Liebe Leserin, lieber Leser
Zinserhöhungen, Liquiditätsabnahme, Bilanzverkürzung – das sind alles ganz furchtbare Wörter. So furchtbar, dass sie die Aktienkurse in den Keller und den Puls vieler Anleger in die Höhe schiessen lassen. Das ist nicht nur im medizinischen Sinne ungesund, sondern womöglich auch Ihrer finanziellen Gesundheit abträglich.
Sie haben es wohl selber gemerkt, an den Börsen geht es wieder etwas holpriger zu und her. Der Auslöser sitzt in den USA, genauer gesagt in Washington: Jerome Powell, Chef der US-Notenbank und der wahrscheinlich mächtigste Mann der Welt. Nicht einmal Wladimir Putin vermag den Märkten einen solchen Schrecken einzujagen wie Powell. Worum geht es?

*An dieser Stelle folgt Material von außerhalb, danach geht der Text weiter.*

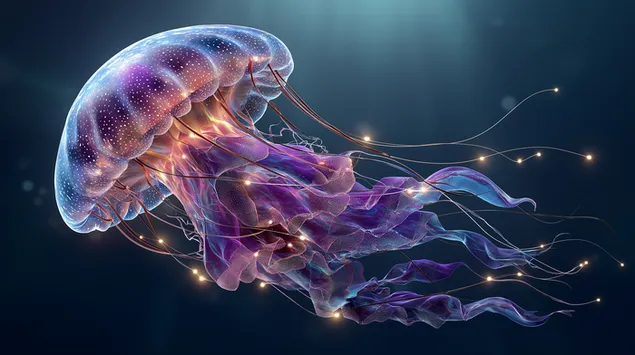 eng majesteitesch gluhend quall, dei an enger deiwer ozeanemfeld schwemmt eroflueden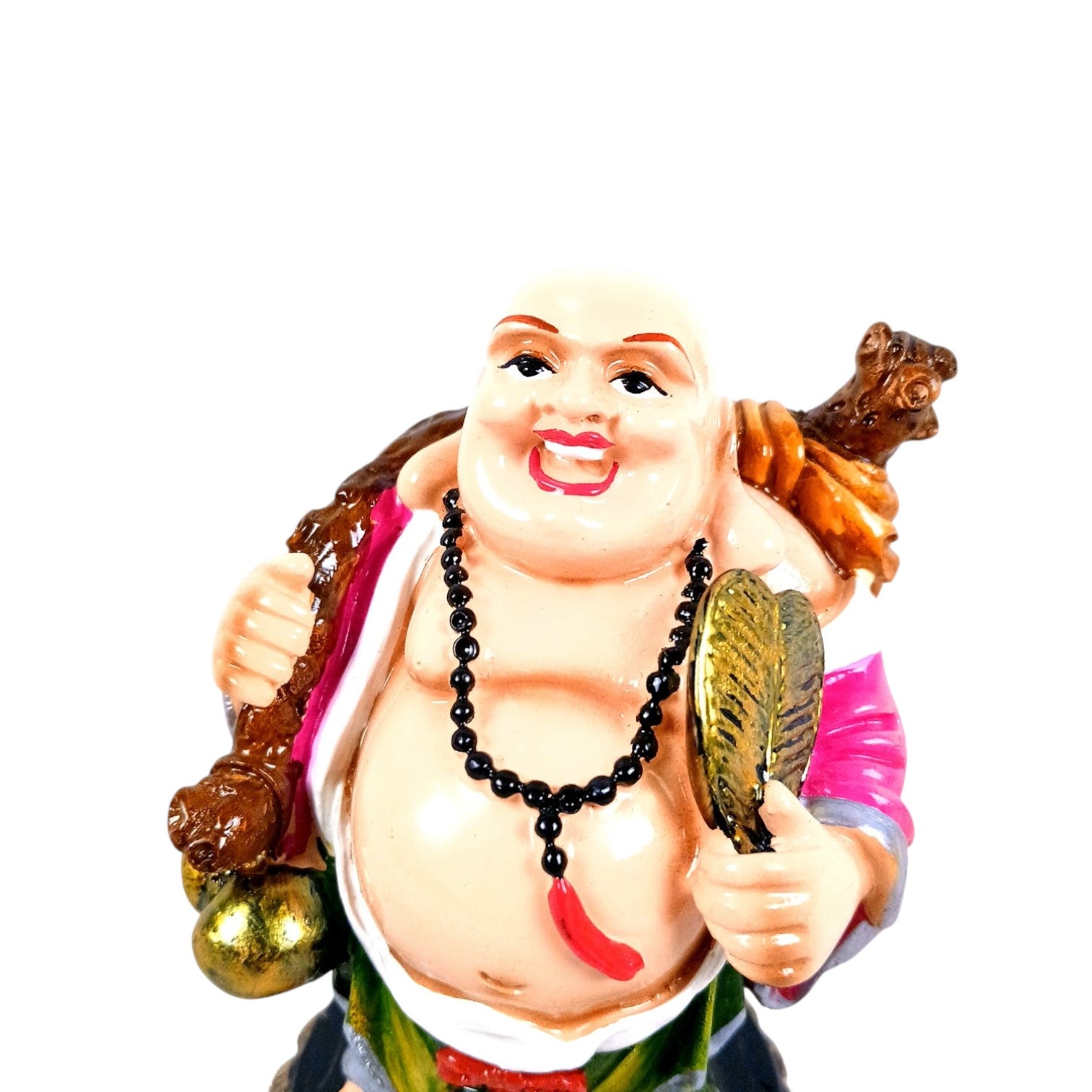 Laughing Buddha Statue with Fan | Buddha Showpiece with Money Bag for Wealth | For Home, Table & Office Decor & Gift - Protect From negative energy & problems - 6 Inch - Apkamart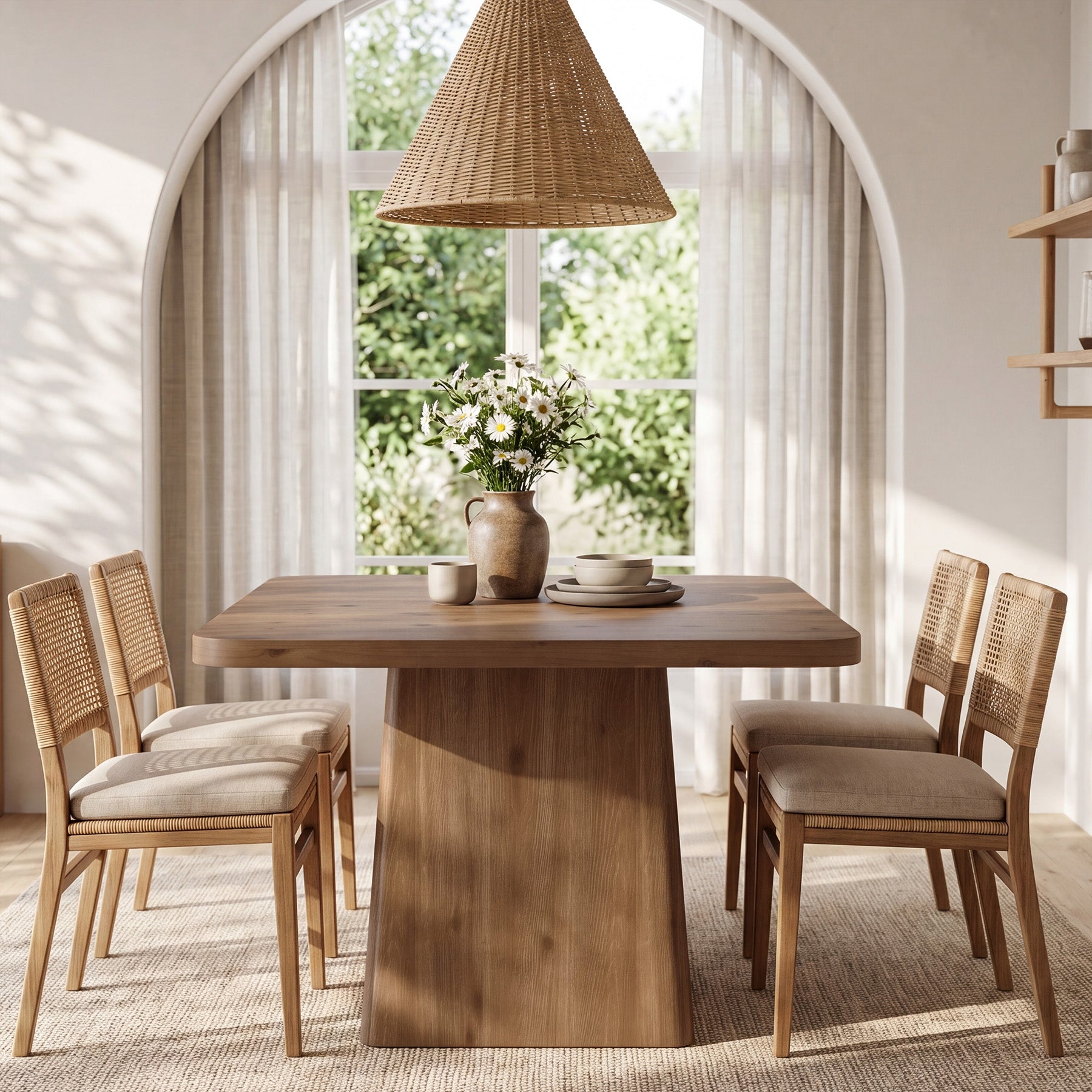 39.37-Inch Solid Wood Square Dining Table with Pedestal Base, Farmhouse Kitchen Table for Small Spaces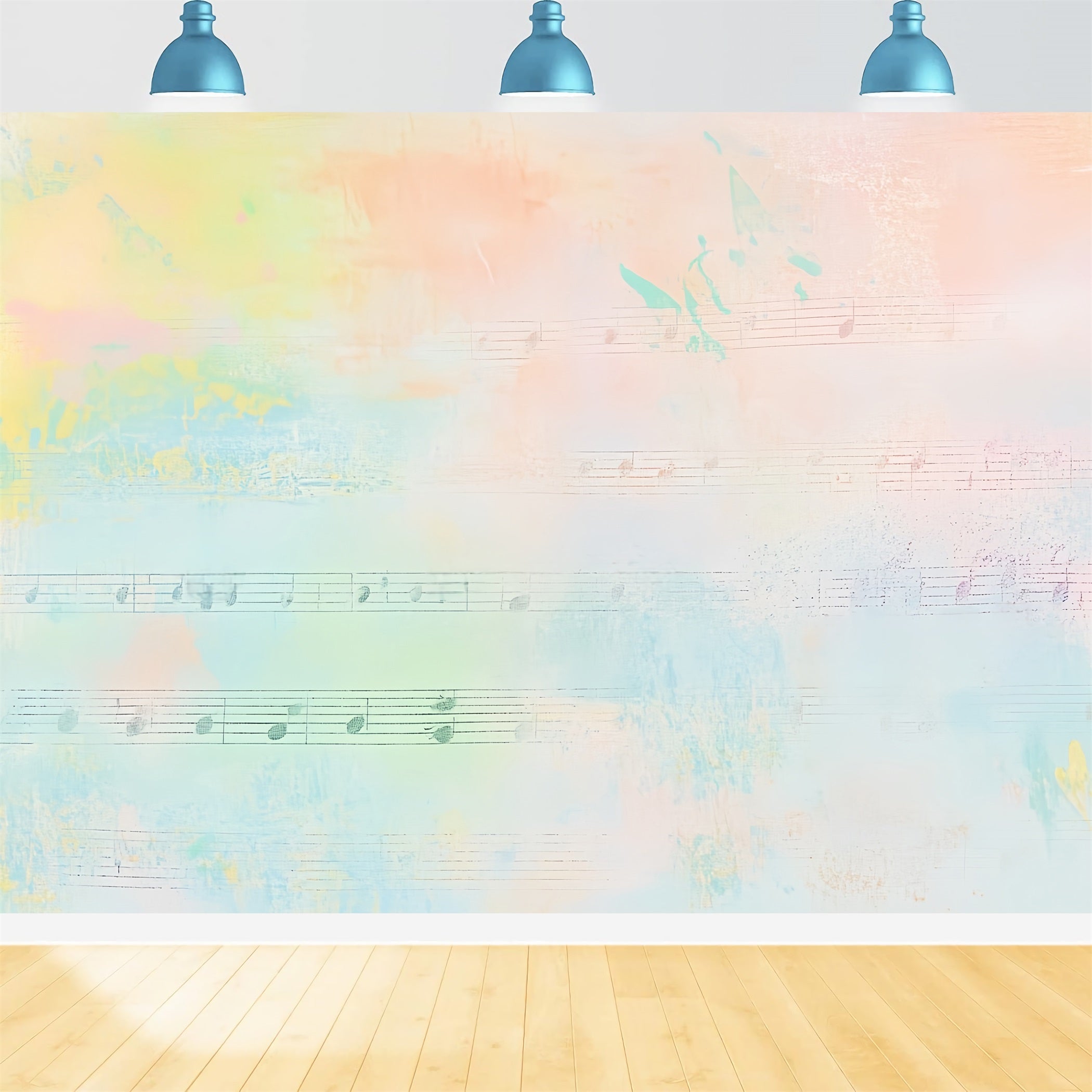 Watercolor Backdrop Pastel Music Note Texture Abstract Backdrops CSH58-191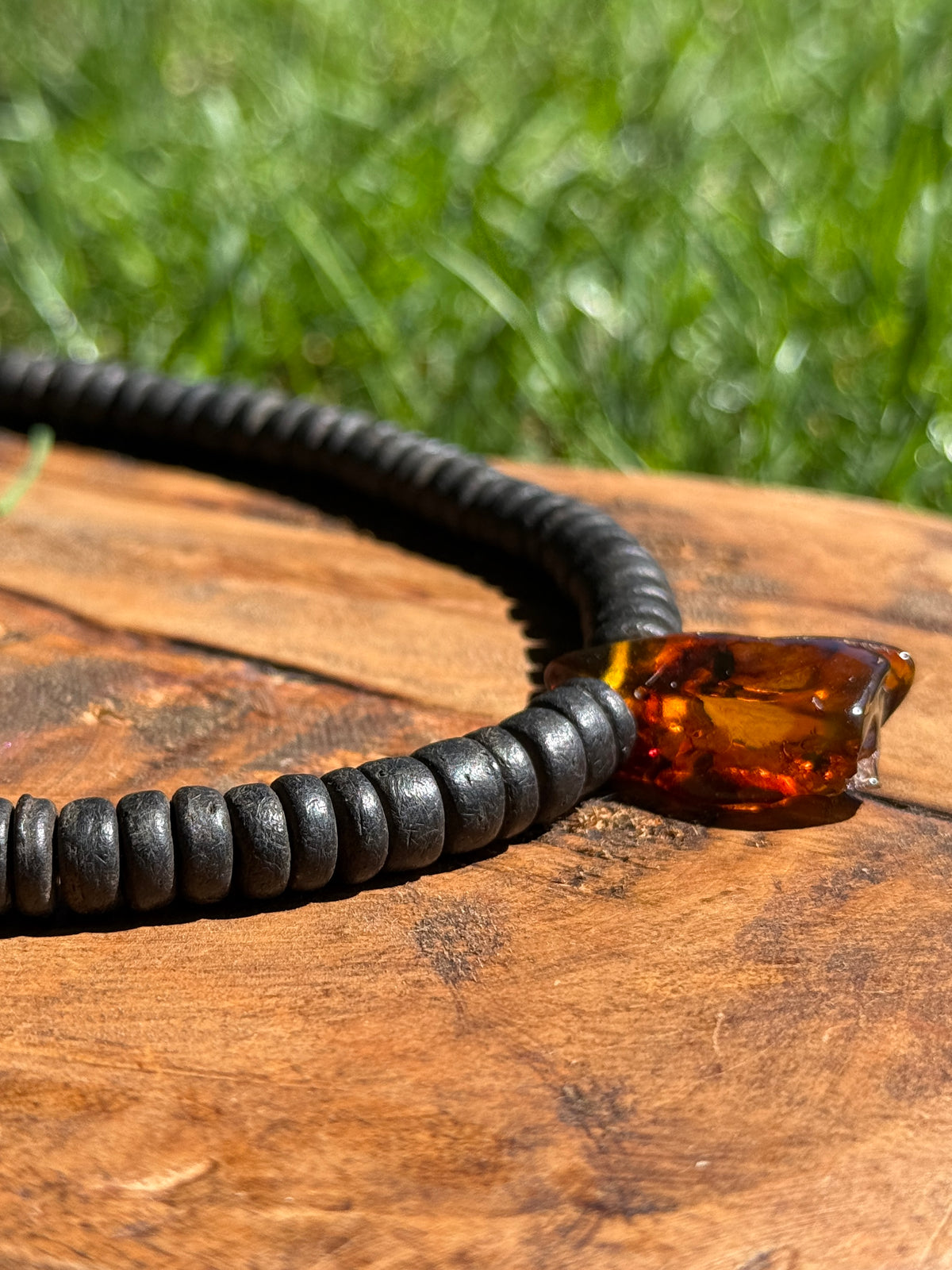 Dark Wood & Amber Necklace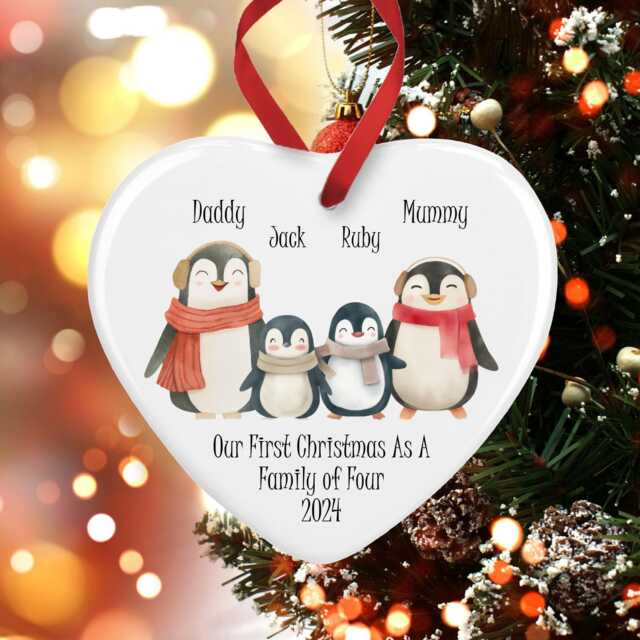 First Christmas As A Family Of Four Heart Bauble - Ceramic Penguins 1st Xmas 4 Ornament Personalised With Any Names - image 1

Nach Jahren der grosszügigen (manche würden behaupten: exzessiven) Liquiditätsversorgung der Finanzmärkte steht Powell nun unter Druck, die Geldflut einzudämmen. Denn die Nebenwirkungen werden immer offensichtlicher: Mittlerweile meldet sich die Inflation mit ungemütlicher Hartnäckigkeit zurück, was vor allem den ärmeren Amerikanern zunehmend zu schaffen macht. Da im Herbst auch noch Zwischenwahlen stattfinden, dürfte auch Joe Biden dem US-Notenbankchef mehr oder weniger subtil zu verstehen geben, er soll endlich etwas gegen die Teuerung unternehmen.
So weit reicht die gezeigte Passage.